2017-12-03. Trouble ahead for SaaS
From a user demand angle, the SaaS business model is built on a simplification advantage: A SaaS tool gives you the functionality you need to do your job, ready to use and hassle-free. In return, they charge a monthly (or yearly) fee. The per person logic is a favorite, but other tiered pricing models exist that scale with usage or features.
From a supply angle, it seems like SaaS proliferated because of how easy and inexpensive it has become to create them:
- Inexpensive infrastructure (IaaS and PaaS) offered by the likes of Amazon, Google, Heroku, etc.
- Containers (VMs, containers) that offer convenient abstraction of infrastructure.
- Automated development operations with infrastructure as code.
- Open Source software, libraries and API integration code in abundance.
I believe that these forces will also ultimately be the demise of SaaS as the king of B2B pricing models for software.
- Open source automation will evolve deep into the harder parts of software management: configuring, monitoring, updating, scaling, security. Infrastructure as code keeps things predictable, modular, and easy to migrate. We will get “everything as code”.
- This will open up the abstraction provided by saas companies. Today the saas players offer it all on a UX level. “click a button and get an account/server/email and don’t worry about managing it”. Then you will be able to DIY “import a configuration, everything is setup, now you get the buttons for whatever you need”.

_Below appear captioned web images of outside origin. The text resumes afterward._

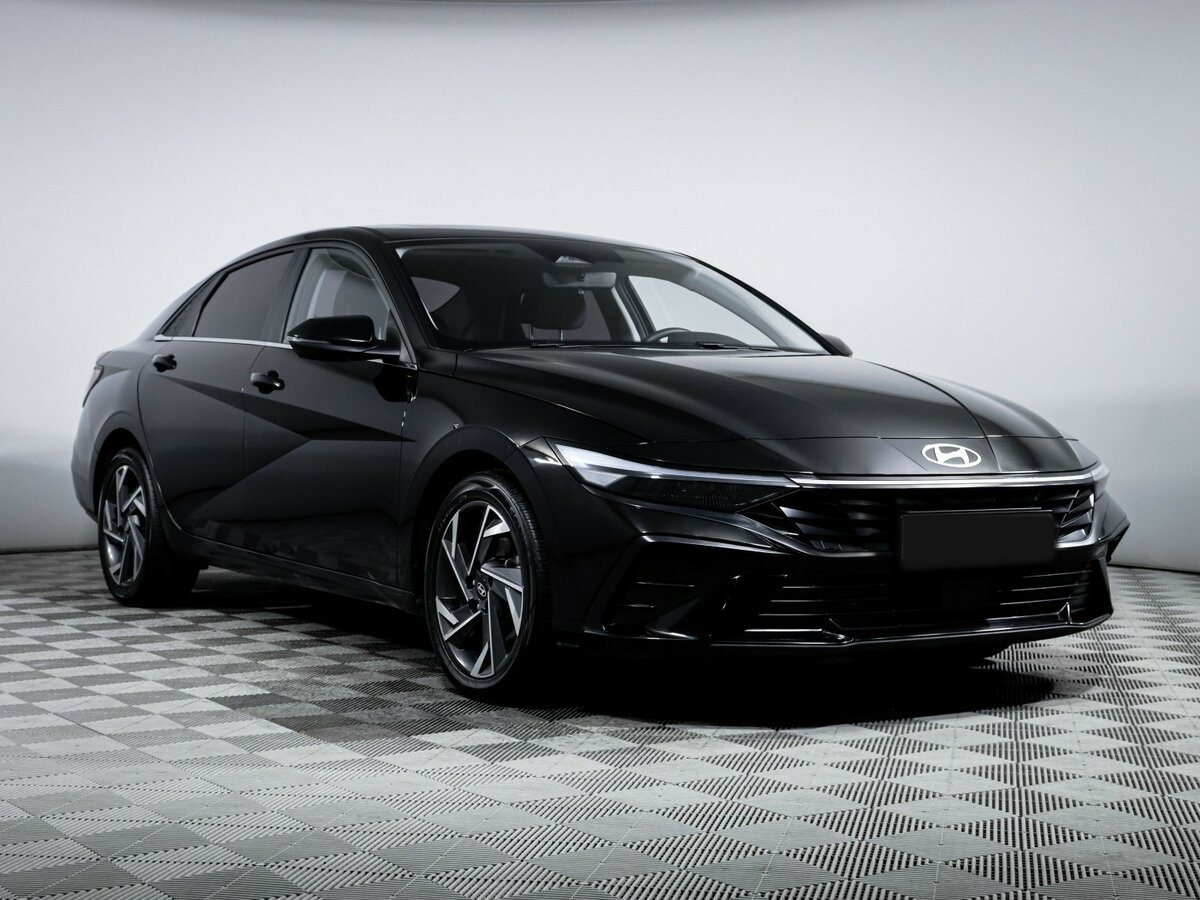 Hyundai Elantra б/у, 2023, Вариатор. Фото: #2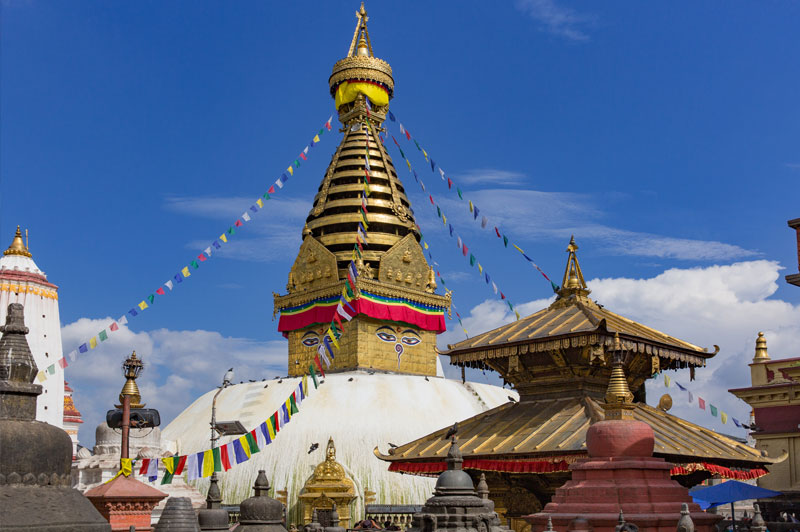 世界遺産のカトマンズ盆地と、ネパール最古の仏教寺院スワヤンブナート 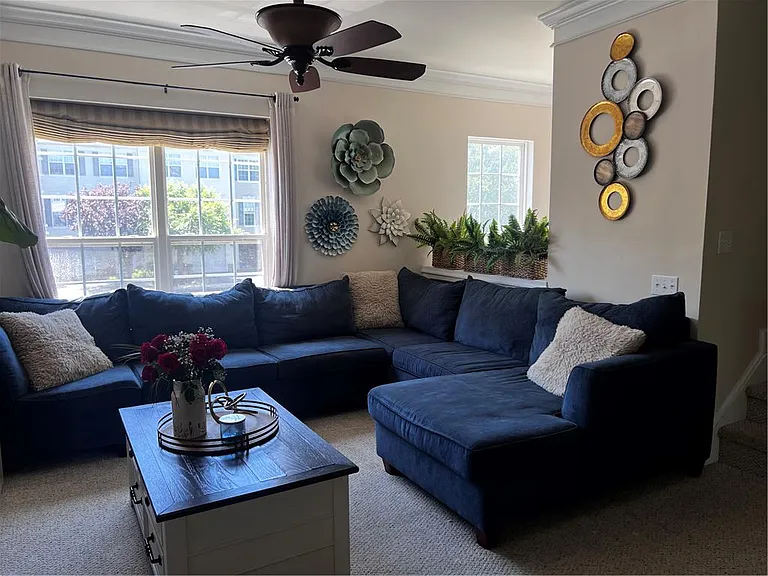 8549 Gateway Rd — Photo 5
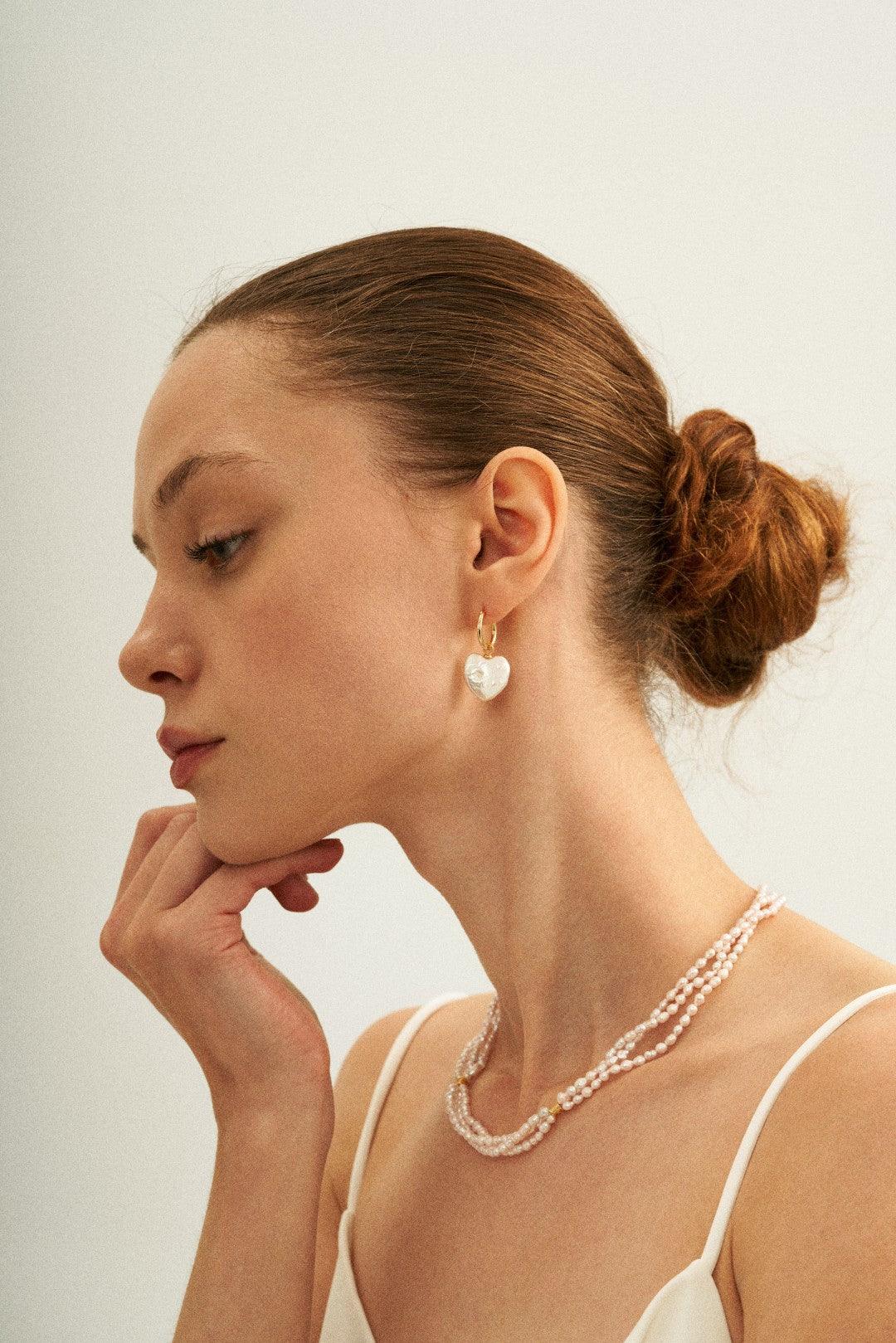 Love Heart Baroque Pearl Hoop Earrings - Gembea Jewelry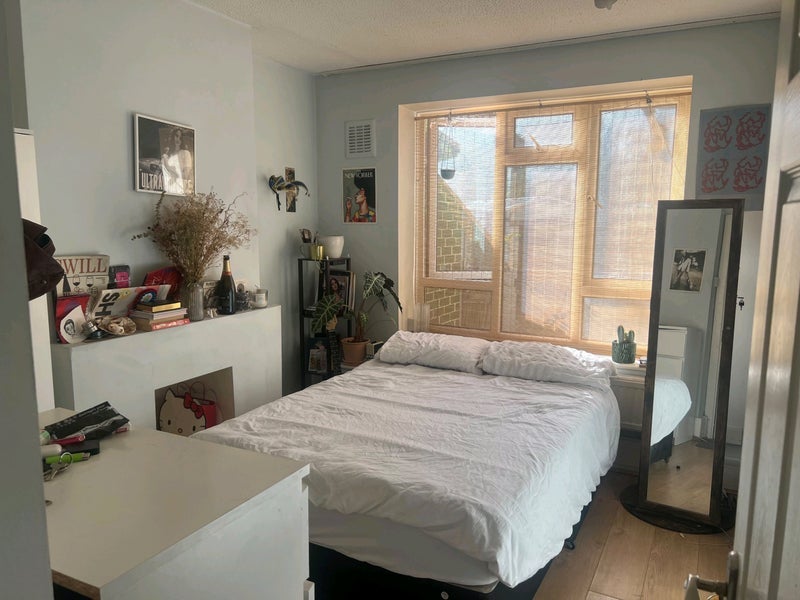 Room Murdock Close in Greater London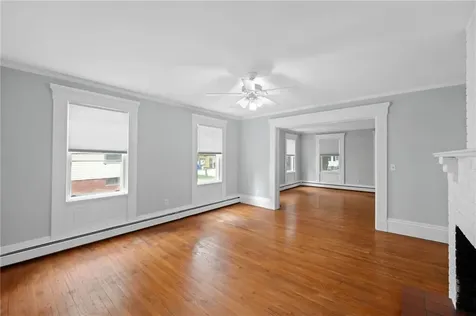 692 Hope Street Bristol RI 02809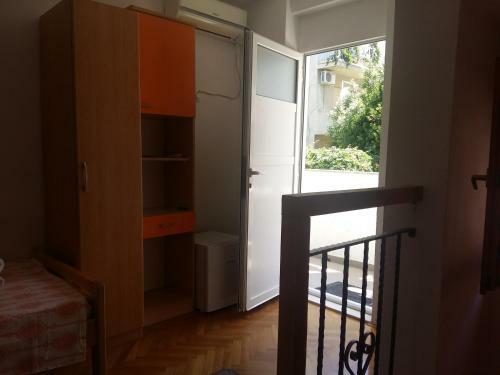 Hostal Guesthouse Maestral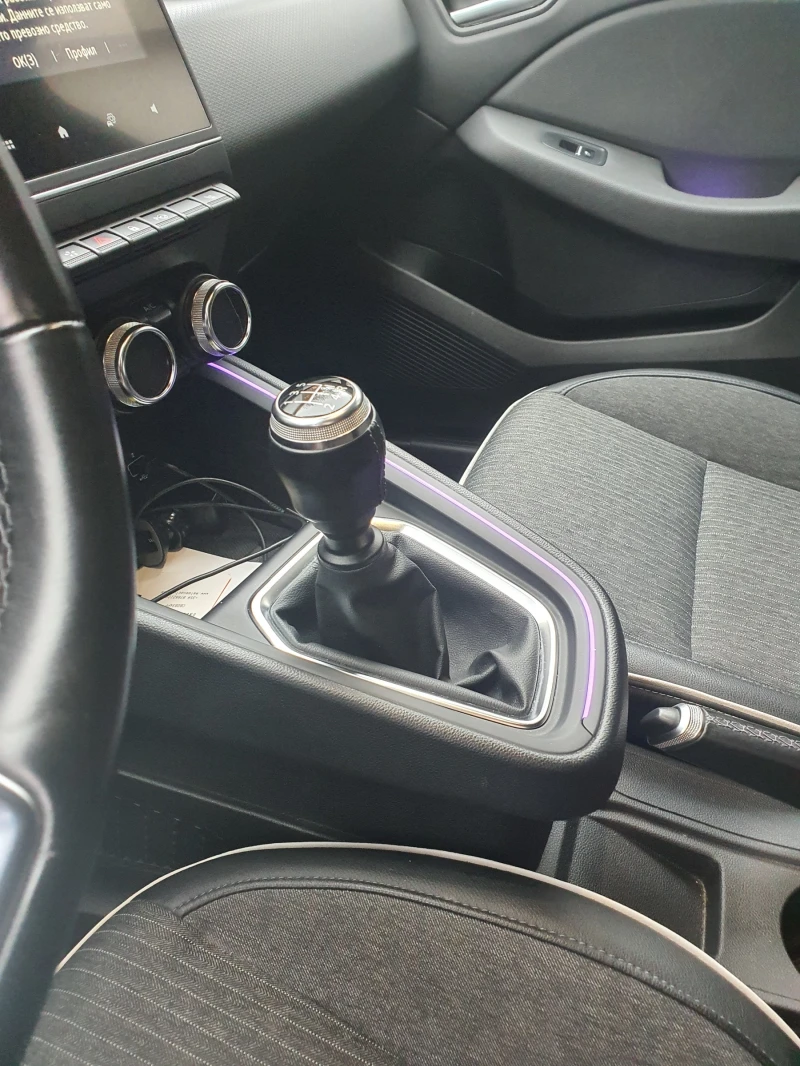 Renault Clio TCE, снимка 7 - Автомобили и джипове - 53009679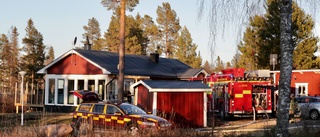 Brand i bastu riskerade spridas till hus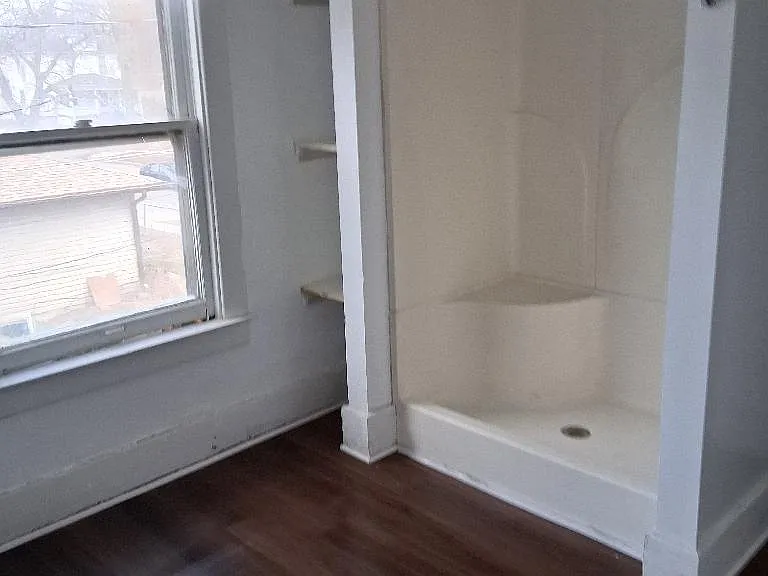 1727 S 15th St — Photo 33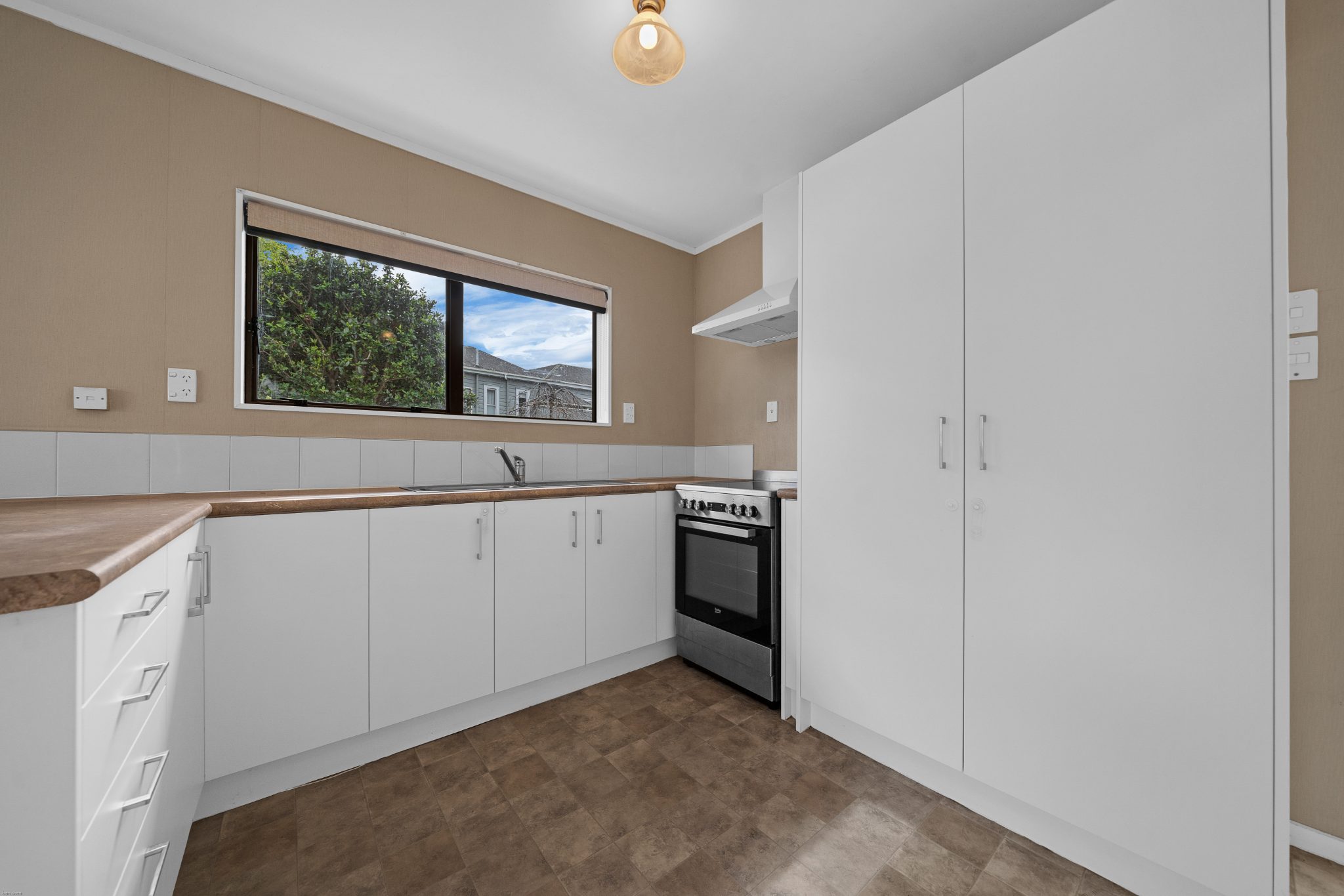 Central Papakura - Bring Us Your Offer! — slide 2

- This will, in turn, empty up a significant part of the value. Because the “as code” oferring will be open, new players will be able to match the experience faster, and the heavy premium will come down.
- I think this will mimic the first push of automated software installs, life Wordpress, Magento and Drupal of the 2000s. Just this time, instead of a deploy of a single software in a single server, you’ll be deploying a whole setup that is ready to scale and easy to manage and update.
SaaS may fight back and replicate pricing models that are tuned to infrastructure usage. Like charging per actual days used or just for active users instead of charging for everyday and every user. They can and will keep investing in differentiating functionality that is hard to replicate under a distributed model, especially for niches. Machine learning models will also bring advantages to the players controlling most of the data when these times arrive.
Complex models may survive in SaaS, but the future clearly will bring a lot of hardship to this model.
IaaS + Containers + Automation + Open Source > SaaS.